Work task =
Return, without pictures, the lines from the start of the data through the one that contains "열두광주리떡집,강릉시떡집,강릉맞춤떡 - kakaoTV".

Recorded data =
-*-

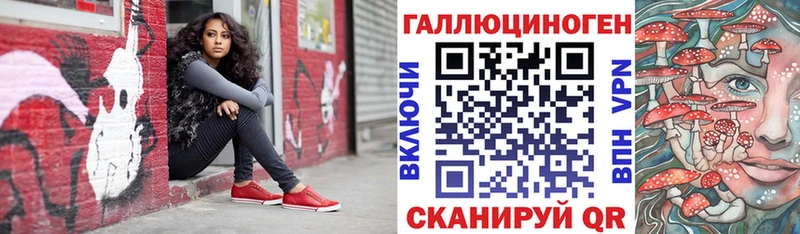купить  цена  kraken   Псилоцибиновые грибы MAGIC MUSHROOMS  Уяр 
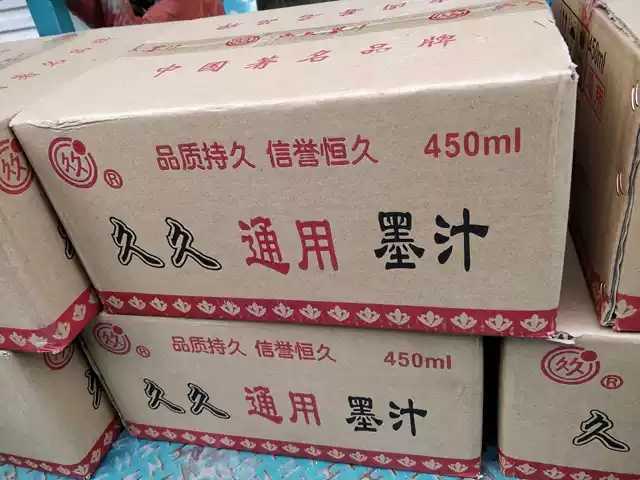 Jiujiu Ink, Thick Ink, Suitable for Calligraphy and Painting, Special for Marking on Construction Sites, Price for a Box of 30 Bottles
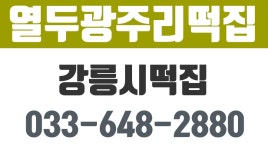 열두광주리떡집,강릉시떡집,강릉맞춤떡 - kakaoTV 열두광주리떡집,강릉시떡집,강릉맞춤떡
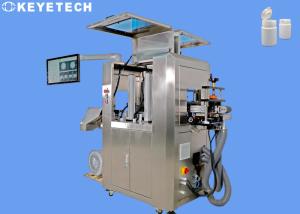 China On-Line Detector Equipment For Tablet Bottle Inspection &amp; Rejection factory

-*-

Task result =
купить  цена  kraken   Псилоцибиновые грибы MAGIC MUSHROOMS  Уяр 
 Jiujiu Ink, Thick Ink, Suitable for Calligraphy and Painting, Special for Marking on Construction Sites, Price for a Box of 30 Bottles
 열두광주리떡집,강릉시떡집,강릉맞춤떡 - kakaoTV 열두광주리떡집,강릉시떡집,강릉맞춤떡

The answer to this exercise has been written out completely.